Chiloiro Sabrina, Doglietto Francesco, Trapasso Barbara, Iacovazzo Donato, Giampietro Antonella, Di Nardo Francesco, de Waure Chiara, Lauriola Libero, Mangiola Annunziato, Anile Carmelo, Maira Giulio, De Marinis Laura, Bianchi Antonio
Section of Endocrinology, Department of Internal Medicine, Catholic University, School of Medicine, Rome, Italy.
Neuroendocrinology. 2015;101(2):143-50. doi: 10.1159/000375448. Epub 2015 Jan 29.
In 2004, the World Health Organization defined atypical pituitary adenomas as those with a Ki-67 expression > 3%, an excessive p53 expression and increased mitotic activity. As the usefulness of this classification is controversial, we reviewed typical and atypical pituitary adenomas to compare the clinical and prognostic features.
We retrospectively reviewed 343 consecutive pituitary adenomas. Atypical pituitary adenomas represented 18.7% of cases. All patients were operated on at the Department of Neurosurgery of our institution and were followed up at the Hypothalamic-Pituitary Disease Unit of the same institution. The median follow-up time was 75 months (range 7-345).

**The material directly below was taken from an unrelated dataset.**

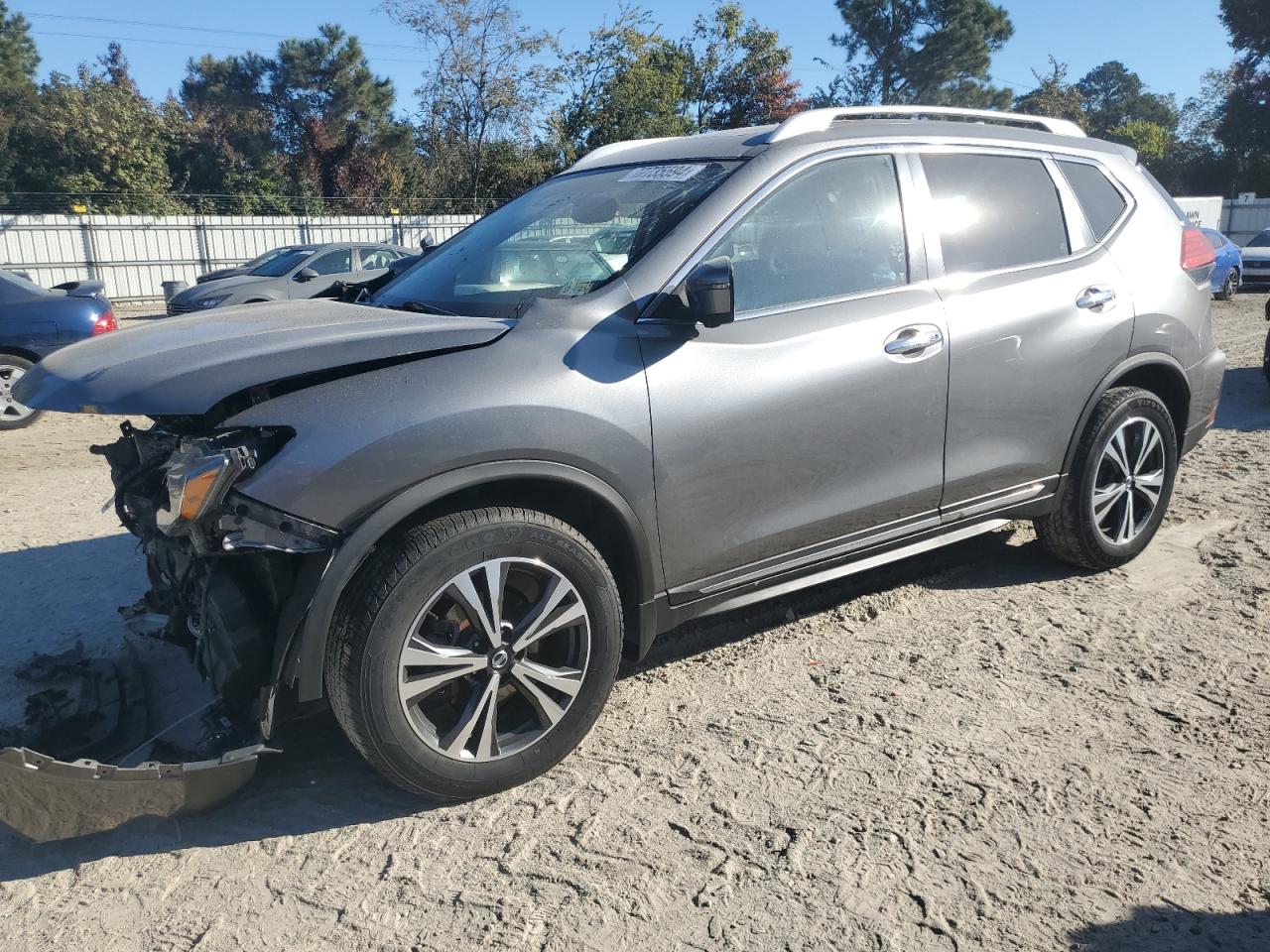  Salvage Nissan Rogue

Younger age at diagnosis as well as immunohistochemical positivity for adrenocorticotropic hormone and prolactin correlated with a higher risk of atypical pituitary adenomas, whereas typical and atypical pituitary adenomas did not differ with regard to gender, tumor size, recurrence risk and disease-free survival time (DFST). Among the 219 patients who underwent radical surgery, a Ki-67 expression ≥ 1.5% was associated with a higher risk of recurrence and a worse DFST, even after correction for age at diagnosis, gender, immunohistochemical classification, tumor size, invasiveness and Knosp classification [p = 0.01; hazard ratio (HR) 2.572; 95% confidence interval (CI) 1.251-5.285). Pituitary adenomas with a Ki-67 expression ≥ 1.5% showed a worse DFST as compared to pituitary adenomas with a Ki-67 expression < 1.5% (HR 2.166; 95% CI 1.154-4.064).
In this series, atypical and typical pituitary adenomas did not differ with regard to recurrence and DFST. Pituitary adenomas with a Ki-67 expression ≥ 1.5% showed a higher recurrence risk and a worse DFST as compared to those with a Ki-67 expression < 1.5%. We suggest that a Ki-67 expression ≥ 1.5% may be useful as a prognostic marker, though this will need to be confirmed by prospective, multicenter data.
2004年,世界卫生组织将非典型垂体腺瘤定义为Ki-67表达>3%、p53表达过高且有丝分裂活性增加的垂体腺瘤。鉴于这种分类的实用性存在争议,我们对典型和非典型垂体腺瘤进行了回顾性研究,以比较其临床和预后特征。
我们回顾性分析了343例连续的垂体腺瘤患者。非典型垂体腺瘤占病例总数的18.7%。所有患者均在我院神经外科接受手术,并在同一机构的下丘脑-垂体疾病科进行随访。中位随访时间为75个月(范围7 - 345个月)。
诊断时年龄较轻以及促肾上腺皮质激素和催乳素免疫组化呈阳性与非典型垂体腺瘤风险较高相关,而典型和非典型垂体腺瘤在性别、肿瘤大小、复发风险和无病生存时间(DFST)方面并无差异。在219例接受根治性手术的患者中,即使校正了诊断时年龄、性别、免疫组化分类、肿瘤大小、侵袭性和克诺斯普分类后,Ki-67表达≥1.5%仍与较高的复发风险和较差的DFST相关[p = 0.01;风险比(HR)2.572;95%置信区间(CI)1.251 - 5.285]。与Ki-67表达<1.5%的垂体腺瘤相比,Ki-67表达≥1.5%的垂体腺瘤DFST更差(HR 2.166;95% CI 1.154 - 4.064)。
在本系列研究中,非典型和典型垂体腺瘤在复发和DFST方面并无差异。与Ki-67表达<1.5%的垂体腺瘤相比,Ki-67表达≥1.5%的垂体腺瘤复发风险更高,DFST更差。我们认为Ki-67表达≥1.5%可能作为一种预后标志物有用,不过这需要前瞻性多中心数据予以证实。